Cluster Documentation

Introduction

The Advanced Computing Facility (ACF) is located at the Information and Telecommunication Technology Center (ITTC) in Nichols Hall, and provides a 20-fold increase in power to support a diverse range of research. The facility houses high performance computing (HPC) resources and, thanks to a $4.6 million renovation grant from the NIH, has the capability of supporting over 24,000 processing cores. A unique feature of the ACF is a sophisticated computer-rack cooling system that shuttles heat from computing equipment into the Nichols Hall boiler room, resulting in an expected 15% reduction in building natural gas use. Additionally, when outdoor temperatures drop below 45 degrees, a "dry-cooler" will kick in, slashing electricity consumption by allowing cooling compressors to be powered down.

The ITTC Research Cluster is located in the ACF, and provides HPC resources to members of the center. The cluster uses the Slurm workload manager, which is an open source, fault-tolerant, and highly scalable cluster management and job scheduling system for Linux clusters. The cluster is composed of a variety of hardware types, with core counts ranging from 8 to 20 cores per node. In addition, there is specialized hardware including Nvidia graphics cards for GPU computing, Infiniband for low latency/high throughput parallel computing, and large memory systems with up to 512 GB of RAM.

Getting Help

If you have any questions about the ITTC Research Cluster, feel free to email clusterhelp@ittc.ku.edu for assistance.

Job Submission Guide

PBS/Torque and Slurm

A translation for common PBS/Torque commands to Slurm commands can be found here. This provides a quick guide for those who are familiar with PBS/Torque, but new to the Slurm scheduler.

Submitting Jobs

To submit jobs to the cluster, you can either write a script and submit it using sbatch:

[username@login1 ~]$ sbatch script.sh

Or, you can submit jobs interactively from the command line using srun:

[username@login1 ~]$ srun echo Hello World!
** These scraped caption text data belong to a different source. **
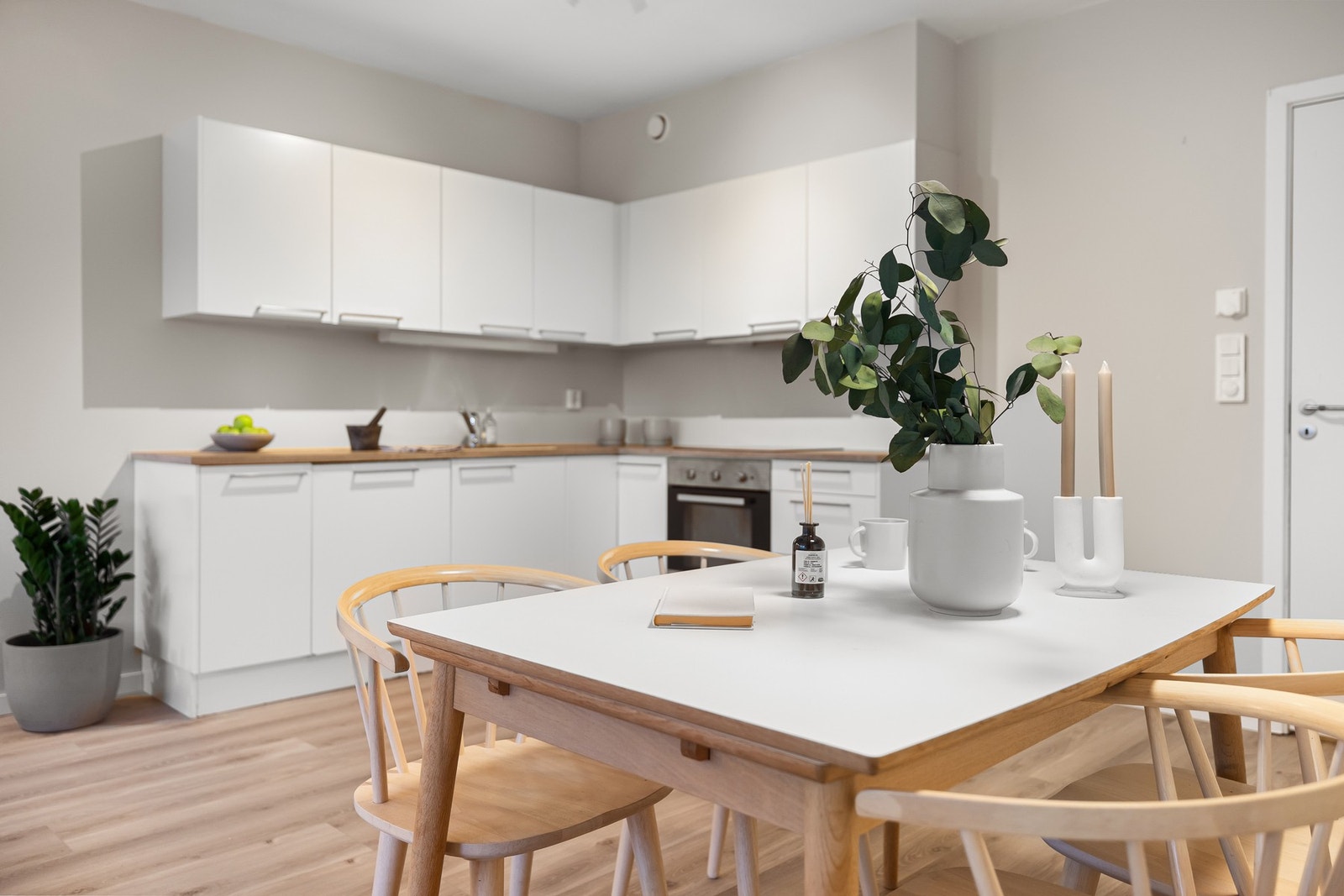 Nyere gulv i hele leiligheten Galleribilde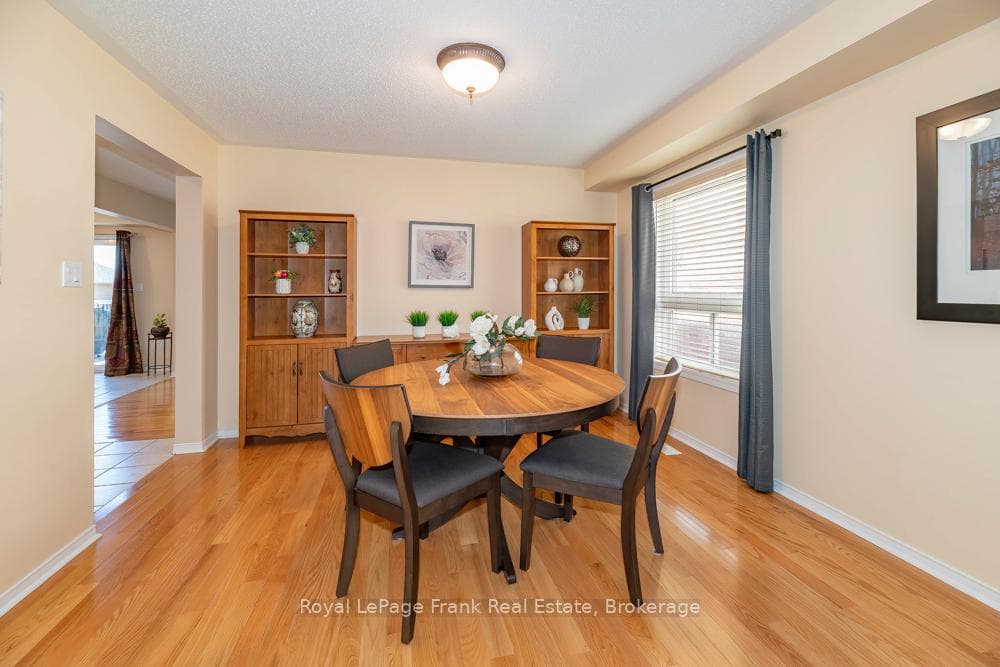 720 Ormond Drive photo 6
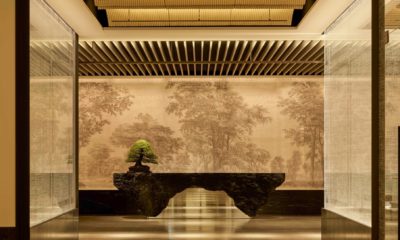 Le Janu Tokyo incarne une nouvelle vision du luxe japonais : espaces élégants, gastronomie raffinée, spa d’exception et immersion au cœur de l’énergie de Tokyo.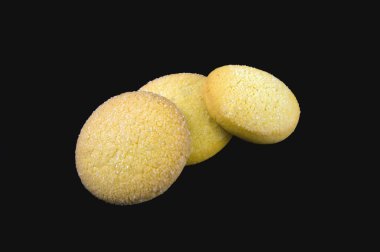 Karanlık bir arka plan üzerinde çıtır kurabiye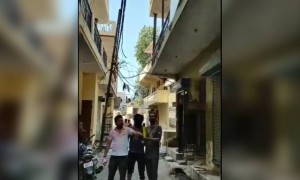 रंग बरसे हर ओर इस होली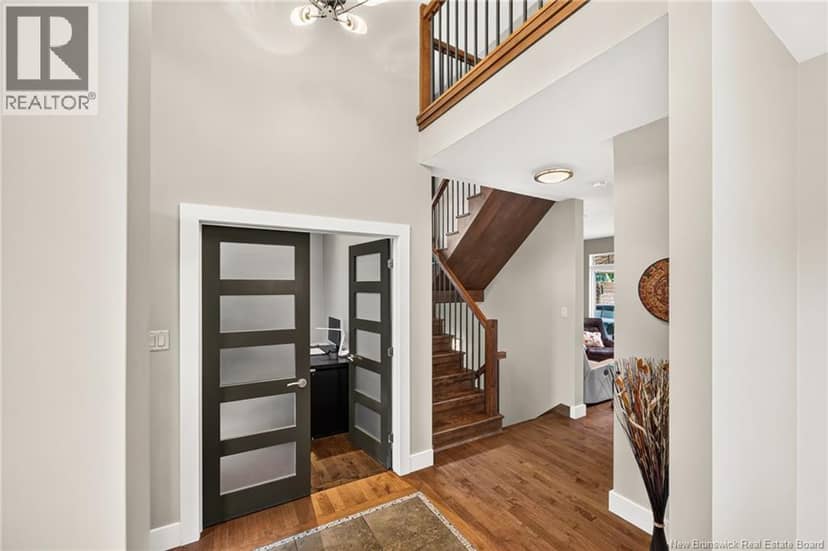 76 Maurice Crescent — photo 19 of 40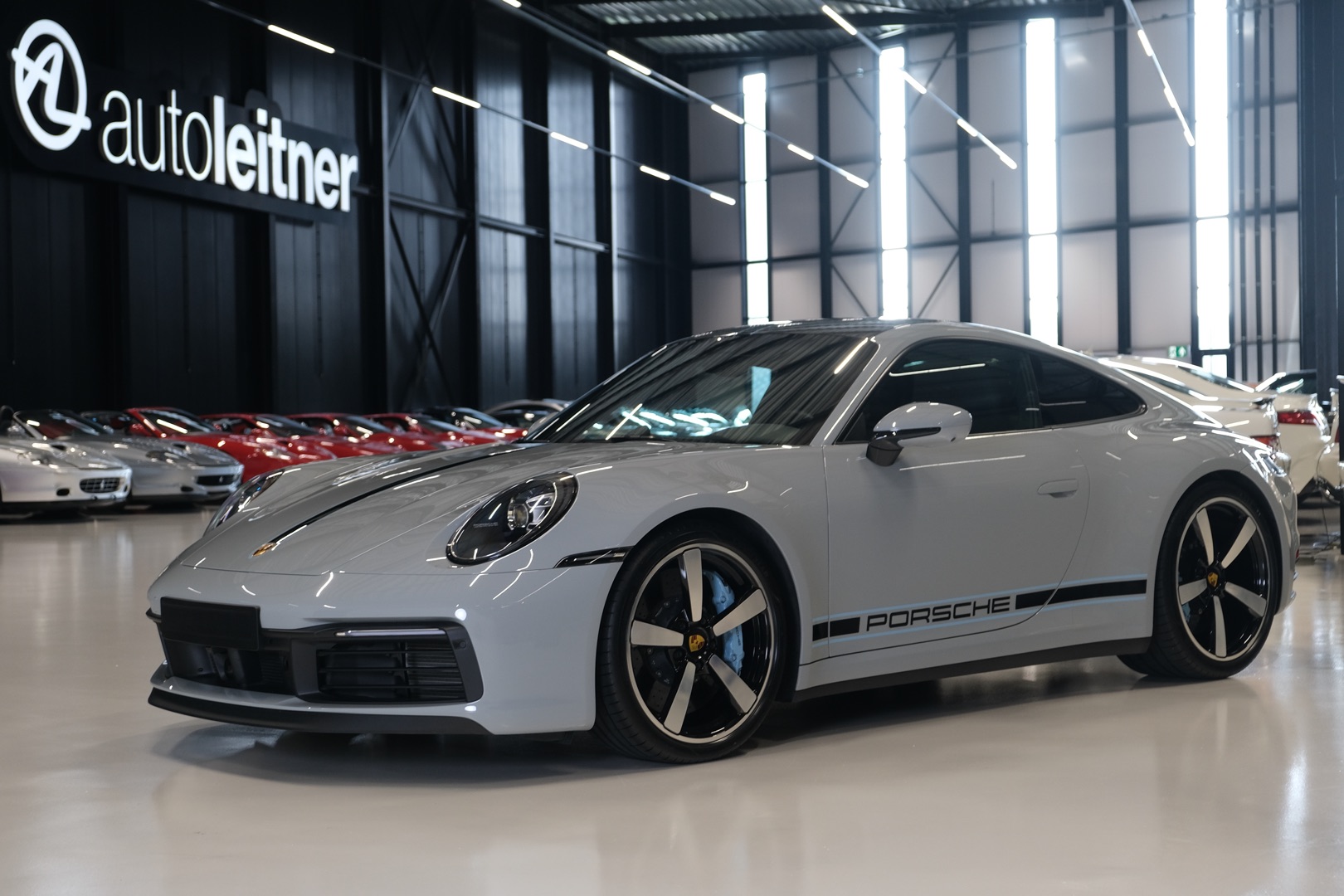 Porsche 992 Carrera 4S uit 2021 in speciaal bestelde grijze lak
Job scripts use parameters (denoted by #SBATCH) in the script file to requested job resources, while interactive jobs request resources with command line parameters. When no resources are requested, a default set is automatically allocated for the job.

This default resource set includes :

The job's name is set the same as the script file name, or, if the job was started with srun, then the job name is the same as the first command (in the case of the example above, the name would be set to 'echo').
The job is scheduled in the default intel queue.
The job is allocated 1 core on 1 node with 2GB of memory.
The job is allocated 1 day to run.
The job redirects stdout and stderr to the same output file if the job is submitted with sbatch. If srun is used, then both will be printed to the screen.
The job's output file name takes the form "slurm-jobid.out", and is created in the same directory as the job script.

srun

srun can be used to run any single task on a cluster node, but it is most useful for launching interactive GUI or bash sessions. Here is an srun example run on login1:

[username@login1 ~]$ srun -p intel -N 1 -n 1 -c 4 --mem 4G --pty /bin/bash
[username@n097 ~]$

The options used in this example are all detailed below:

-p: Specifies a partition, or queue to create the job in. The current cluster partitions available are intel, amd, bigm, and gpu. For more information on the cluster queues, see the partitions section below.
-N: This sets the number of requested nodes for the interactive session.
-n: Specifies the number of tasks or processes to run on each allocated node.
-c: Sets the number of requested cpus per task
--mem: This specifies the requested memory per node. Memory amounts can be given in Kilobytes (K), Megabytes (M), and Gigabytes (G).
--pty: This option puts the srun session in pseudo-terminal mode. It is recommended to use this option if you are running an interactive shell session.
/bin/bash: The last option in an srun invocation is the program that srun will execute on the requested node. In this case, bash is specified to start an interactive shell session.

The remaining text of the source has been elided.